Publié le par l'anjouannais

Ndzuani Hebdo fait son apparition dans la presse comorienne
09 octobre 2008

Un nouveau titre vient enrichir depuis le 06 octobre, le paysage médiatique anjouanais. Il s'agit jusqu'ici d'un bulletin régional d'informations générales. Le numéro 00 est distribué gratuitement depuis avant-hier. Il s'agit de Ndzuani Hebdo, un hebdomadaire de quatre pages de format A4 qui paraîtra chaque vendredi.

Dans sa première page, les lecteurs sont déjà avertis que “le N°1, prévu pour être dans les kiosques le vendredi 10 octobre prochain sera vendu à 200 francs l'exemplaire”.
Selon des sources proches de l'hebdo : “Ndzuani Hebdo se veut un journal libre”. Et son originalité repose sur le fait qu'il est conduit par une équipe de rédaction qui ne s'embarrasse pas de la hiérarchie classique en la matière.
Dans cette première édition de dix articles, les rubriques portent le noms de Drani Na mwendze, Habari za mufumo, Tabhith, Ra'ayi ou encore A méditer.

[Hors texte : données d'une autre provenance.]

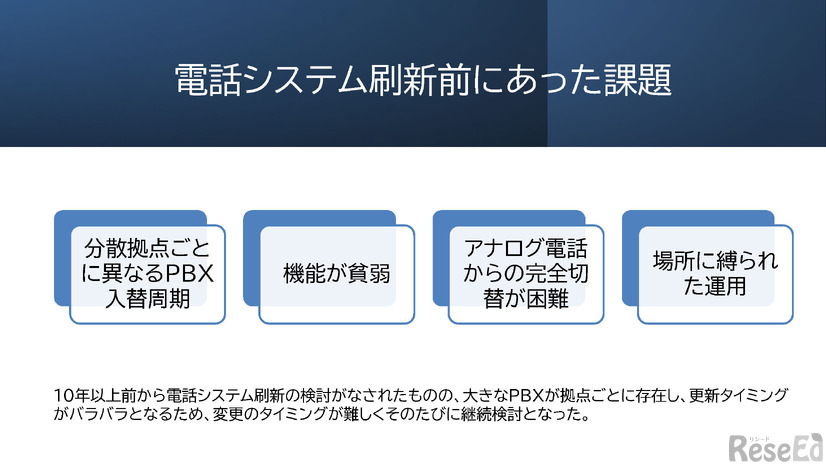 電話システム刷新前にあった課題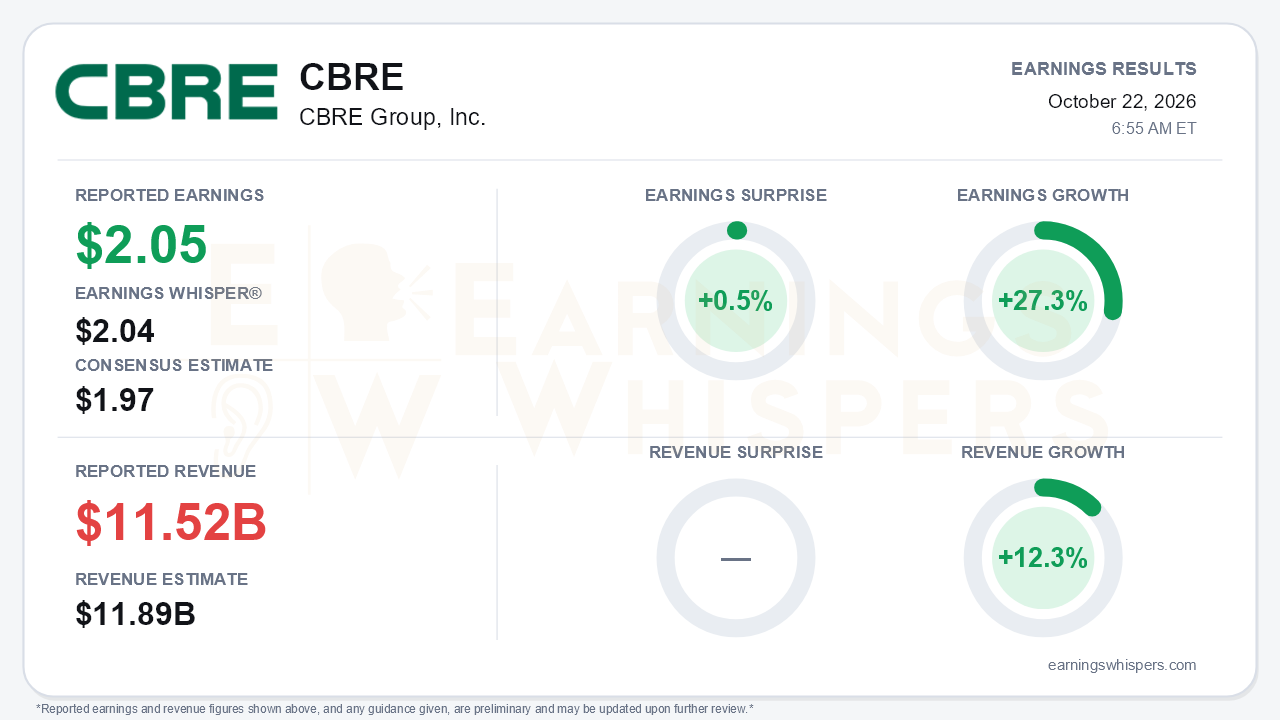 CBRE Group, Inc. (CBRE) quarterly results card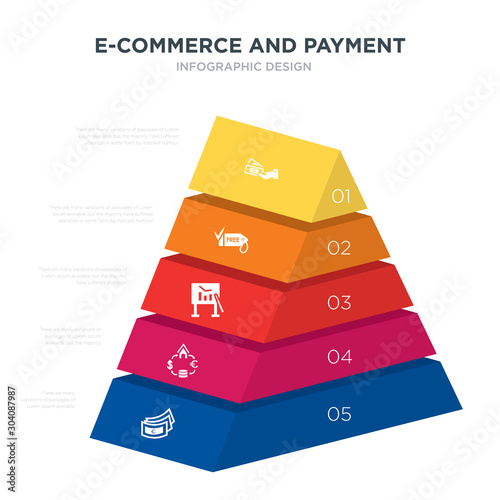 e-commerce and payment concept 3d pyramid chart infographics design included euro, exchange rate, financial presentation, free, get money, _icon6_, _icon7_, _icon8_ icons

Beaucoup parmi ceux qui ont eu à lire cette première édition semblent avoir apprécié l'initiative mais ils craignent que cela ''ne soit pas une fantaisie passagère comme ça était le cas à plusieurs reprises''. Kamal Ali, Amir Abdallah et Sardou Moussa de l'équipe de rédaction de Ndzuani Hebdo semble avoir prédit cette inquiétude. Dans leur éditorial intitulé Hamwadro, on peut lire : “nous apportons donc quelques pistes pour qu'ils puissent vous faire croire que Ndzuani Hebdo n'est pas le fruit du hasard. C'est un projet qui se veut après tout réaliste...avec une équipe des passionnés de l'information... qui n'ont nullement pas l'intention de vivre avec les maigres recettes” que cela pourrait rapporter. L'édito revient également sur les objectifs du journal pour ne rien laisser au hasard. Selon ce dernier : le principal but de Ndzuani Hebdo est de combler le vide en matière de presse écrite. “On a l'impression qu'il ne se passe rien à Anjouan, soutient l'équipe. “Il fallait donc un support ... qui servira de pont entre les Anjouanais de l'intérieur et ceux de la diaspora”.

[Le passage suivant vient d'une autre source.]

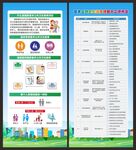 国家基本公共卫生服务项目展架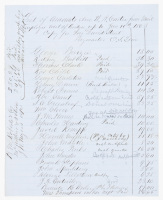 Manuscript account page containing "List of Amounts due W.A. Carter from Mail Employees west of Bridger up to Jan. 11th, 1863. Copy for Mr. David Street Paymaster O.S. Line," with several Pony Express riders listed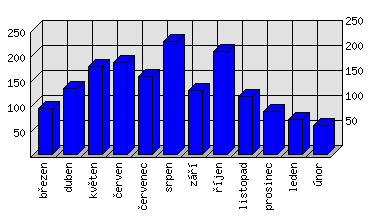 Měsíční statistiky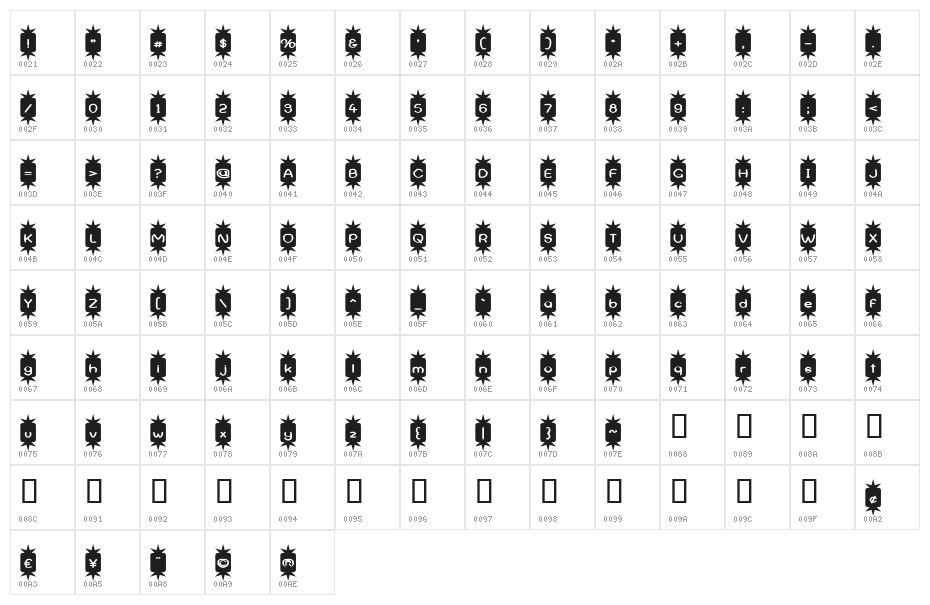 Positive Nhilism Character Map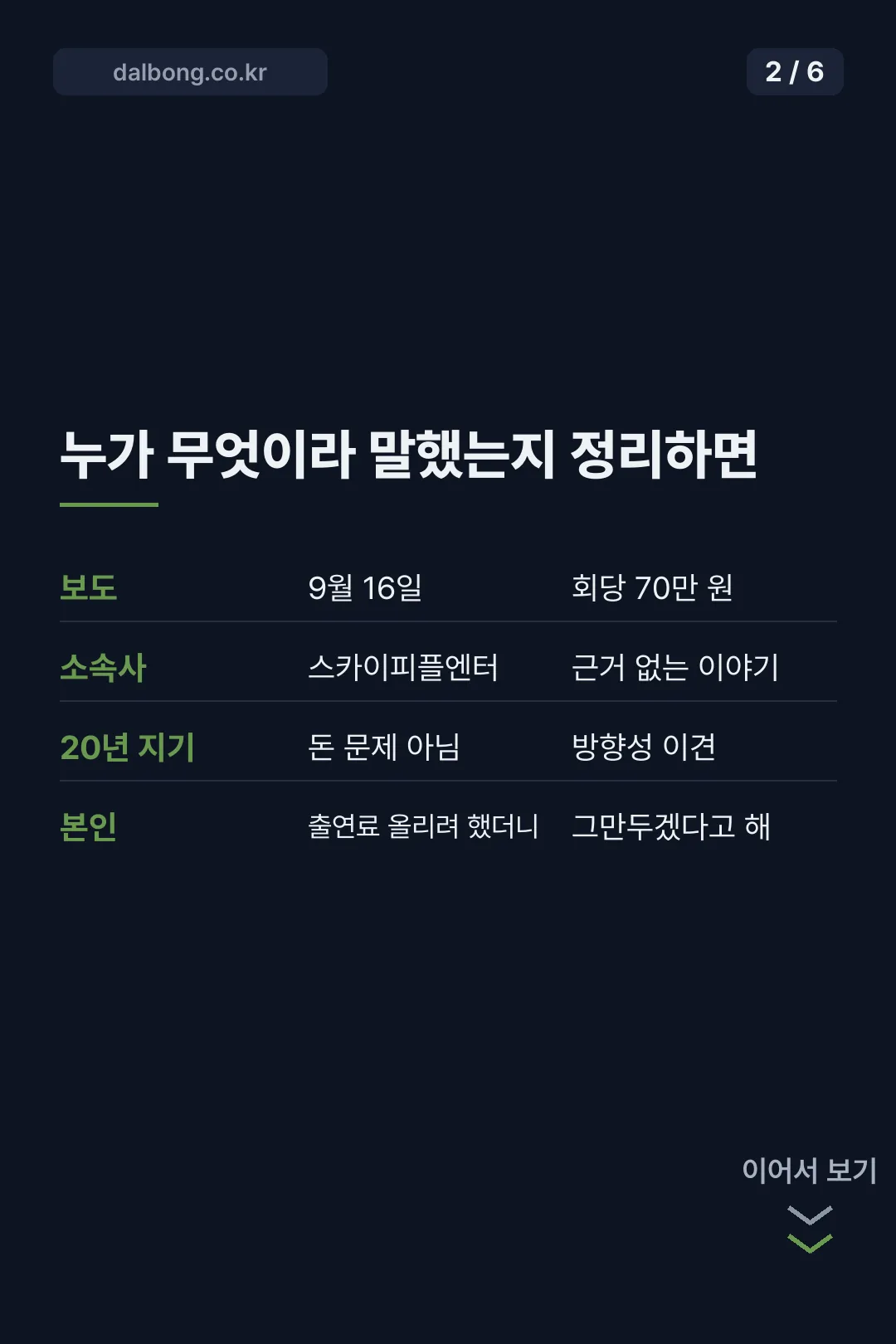 전원주 유튜브 중단 출연료 카드뉴스 2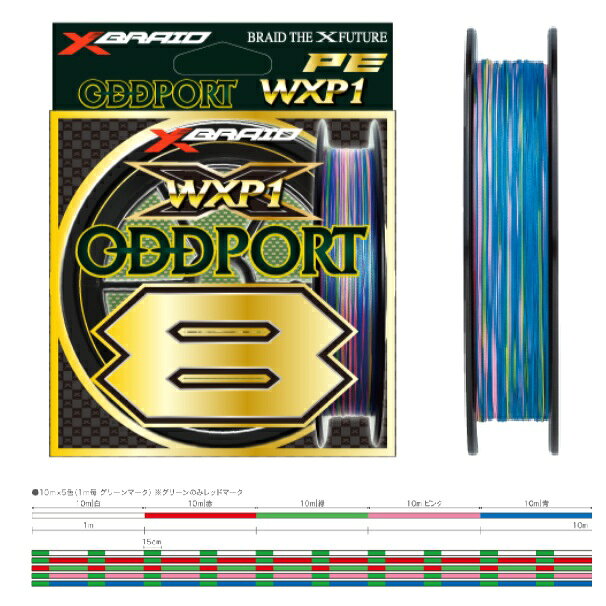 楽天市場】オッズポート 8号の通販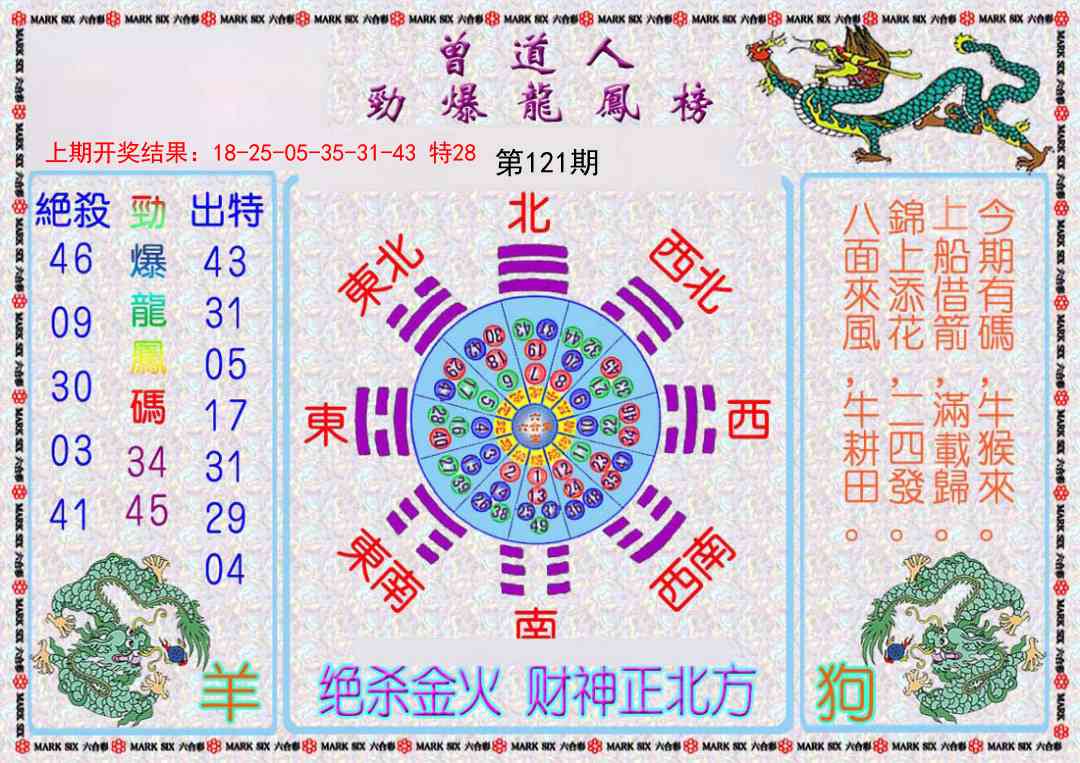 121期曾道人劲爆龙凤榜[图]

Il est à rappeler que c'est la deuxième fois qu'Anjouan connaît un titre de presse écrite depuis plus de dix ans. On se souvient du feu Walfadjir de Ramlati Ben Ali, qui a survécu seulement jusqu'en 2003.

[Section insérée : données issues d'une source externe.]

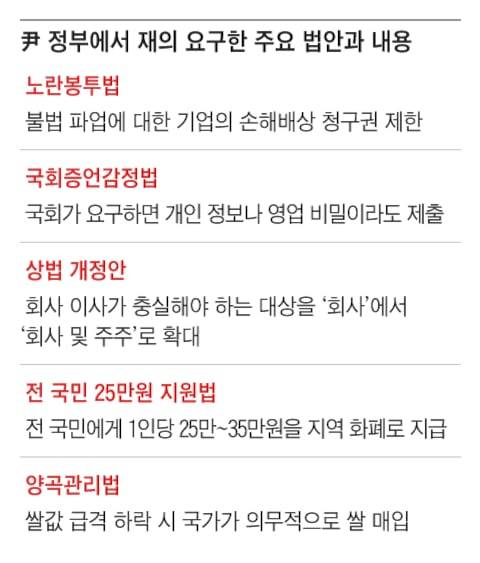 그래픽=이철원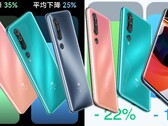 As medidas de ROM global MIUI 12.5 foram tiradas de um Xiaomi Mi 10 rodando em Android 11. (Fonte da imagem: Xiaomi - editado) 
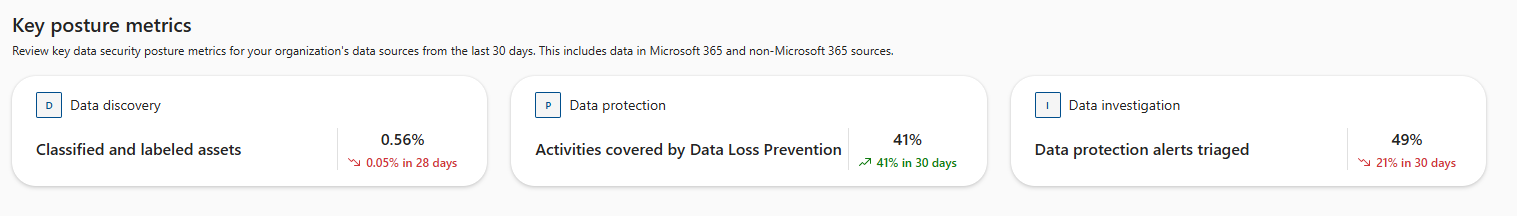 Screenshot showing three posture metric cards for discovery, protection, and investigation, each with a percentage and a 30-day trend arrow.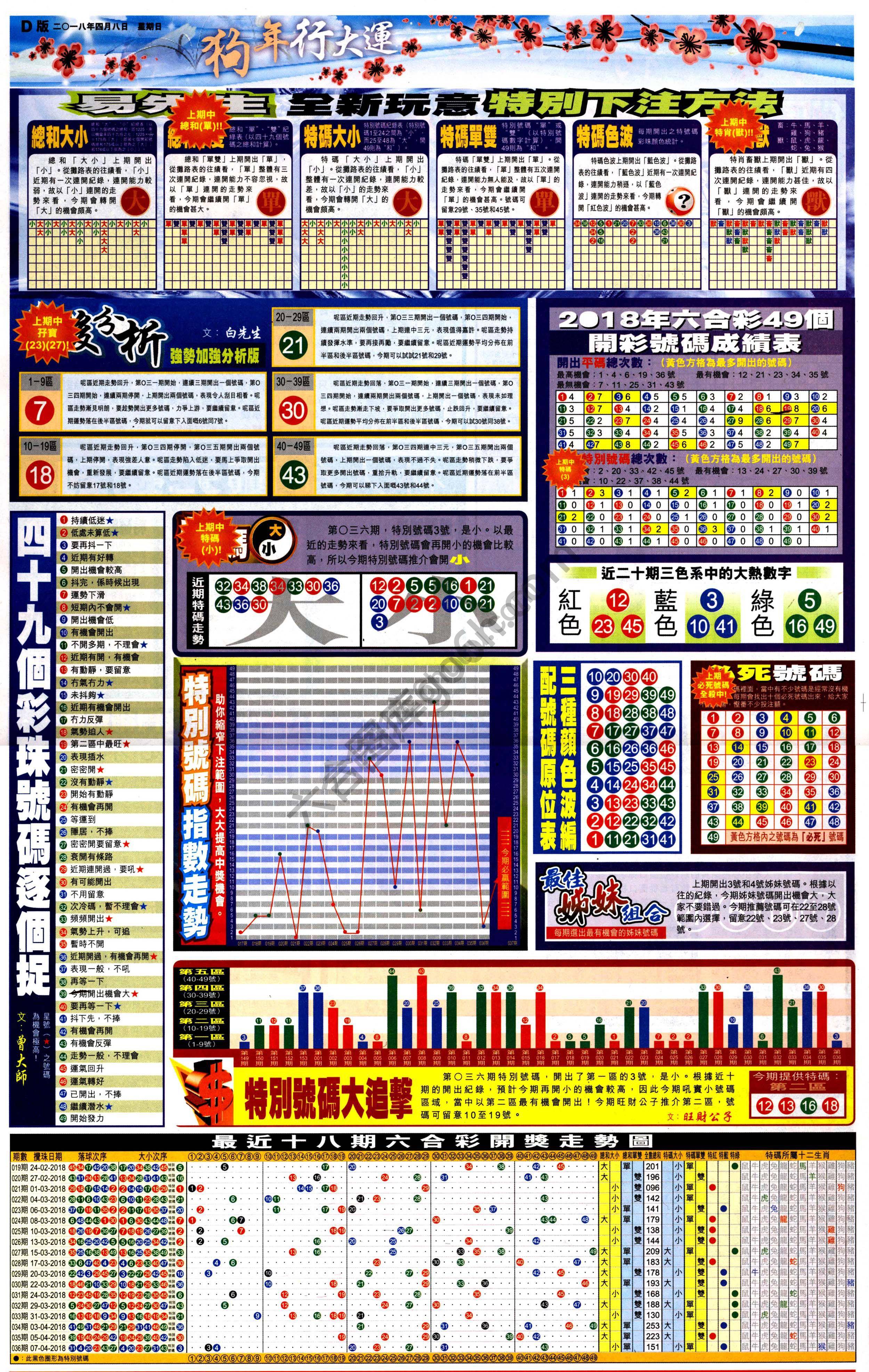 大版贴士皇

Aux Comores on a l'habitude de voir les titres foisonner, par exemple, à l'approche d'un rendez-vous électoral et disparaître. On est alors à un an et quelques mois de la présidentielle de l'Union. En attendant, avec la sortie de Ndzuani Hebdo c'est la liberté de la presse qui s'en sort vainqueur. Bon vent à Ndzuani Hebdo !.